ST. PETERSBURG — Even with the division lead dwindling, even then, he was the pitcher worth trusting. Even with the most important game of the year on the line, especially then, he was the player who carried the hope.
After all, Scott Kazmir is supposed to be the ace, isn't he? He has been on a roll, hasn't he? He is the guy with the live arm, the guy with the great stuff, the guy with the brilliant future.
In a game of this magnitude, in a showdown for first place against the vaunted Boston Red Sox, who else would you want on the mound?
And then, suddenly and savagely, it was over.
Kaz was crushed. Kaz was clobbered. Kaz was clubbed.
The disappointment wasn't simply that Kazmir lost a crucial game Monday night. It was the merciless, relentless nature of it. The Red Sox bullied Kazmir as if he were a high school pitcher throwing batting practice.
It was over before the popcorn was ready. It was over before the fans could remind each other how big the game was. It was over by the time Lightning coach Barry Melrose reached the grandstand; come to think of it, the Rays would have been better off if they had left Melrose in the game.

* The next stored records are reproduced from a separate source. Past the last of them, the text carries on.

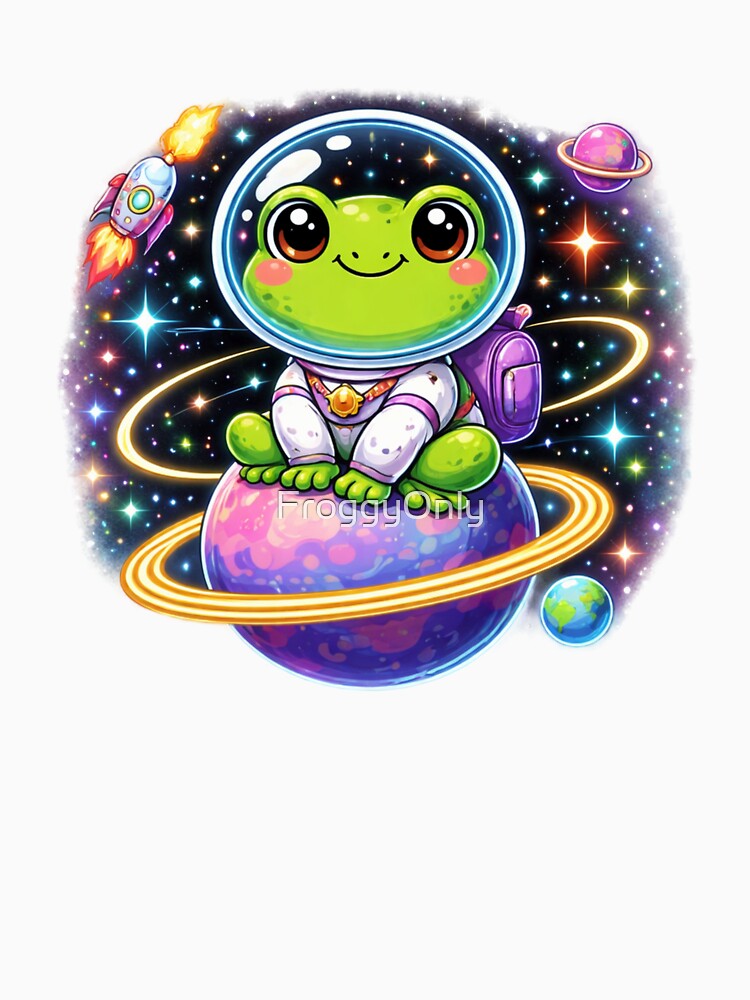 Smiling space frog by FroggyOnly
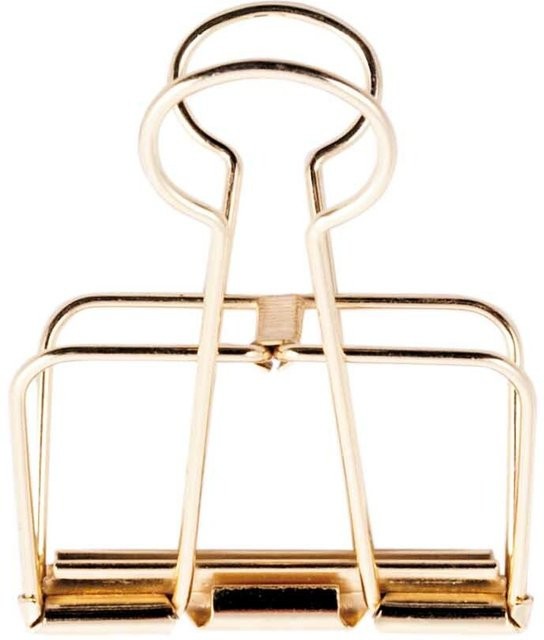 Rico Design Paper Poetry Drahtclips in Gold, 6 Stück, 19 mm - Bild 1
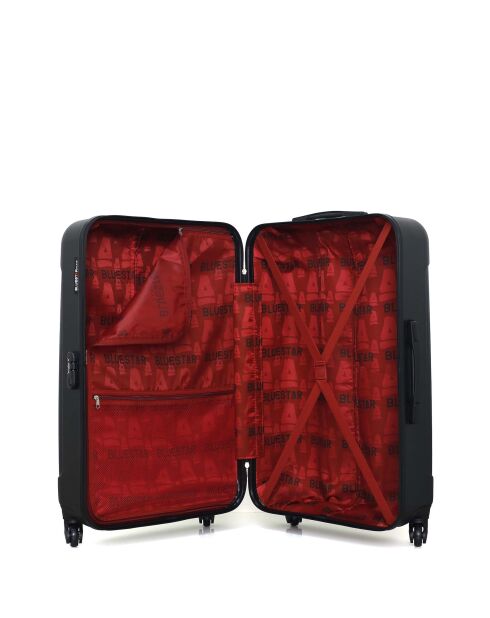Set van 2 grote en weekendkoffers L/M Napoli 75cm/65cm zwart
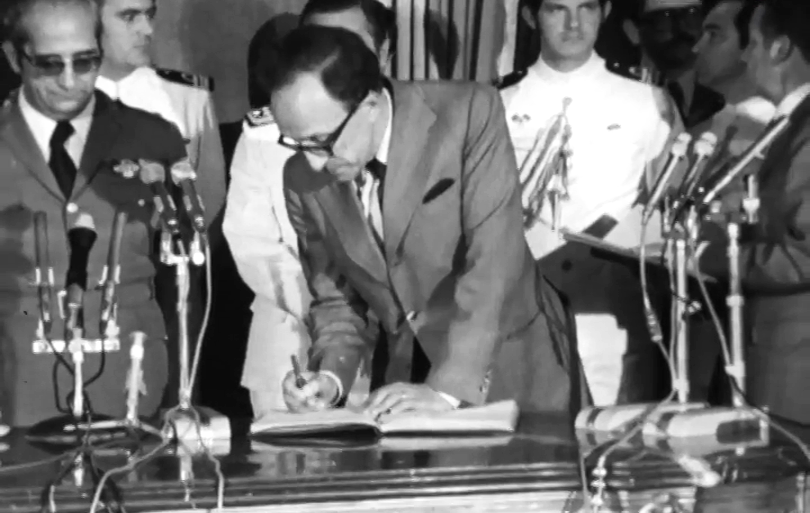 Tomada de Posse de Vasco Gonçalves como Primeiro-Ministro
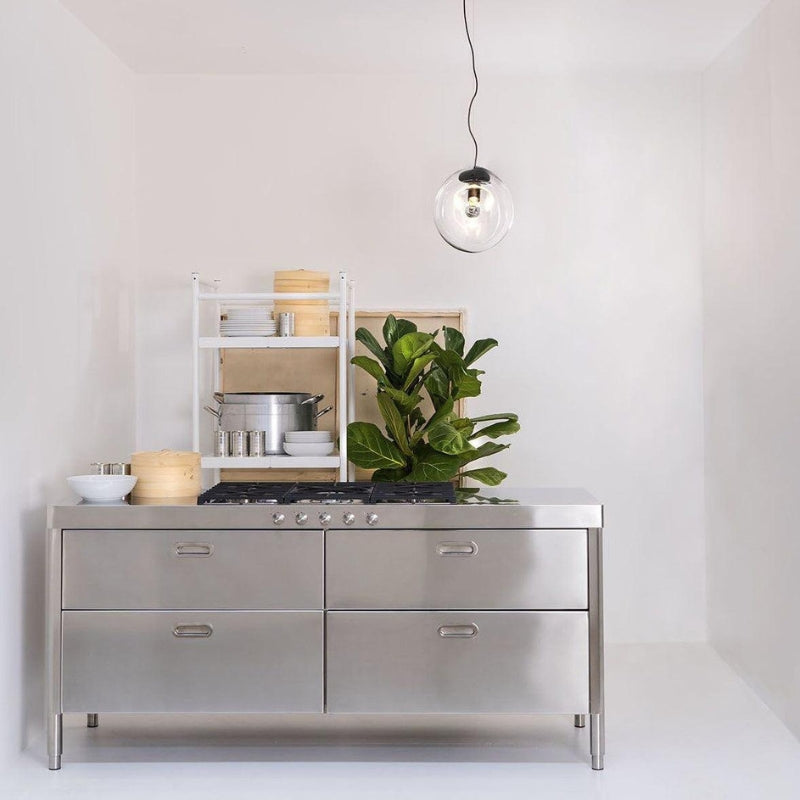 Dråbelux Elegant Glas Pendellampe – Stilfuld Loftsbelysning med Blødt Lys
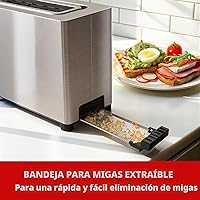 Vista 6 de Mueller UltraToast Tostadora Completa de Acero Inoxidable 2 Rebanadas, Ranuras Extra Anchas Largas con Bandeja Extraíble, Funciones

This was Kazmir? This was an ace?
Or was it?
From the way Kazmir talked, that might not have been him at all. If someone finds one of the four home run balls he surrendered, perhaps they can check it for fingerprints.
"I really feel like that wasn't me, that wasn't my game out there," Kazmir said. "Even in the bullpen, I wasn't hitting my spots. I didn't feel comfortable with my body. It wasn't responding to me."
Kazmir said that he felt "jetlagged" and "flat" and "out of synch."
Just a guess, but given the importance of the game, perhaps you would have preferred "dominant" or "overpowering" or "victorious."
Instead, Kazmir struggled to get the ball over the plate, and when he did, it was a battle to keep it inside the park. And if you could argue that this was the biggest game in the history of the franchise, then it was also the biggest letdown.
How bad was it?
• Kazmir's first pitch flew wildly to the screen. The technical term for it is "a warning shot."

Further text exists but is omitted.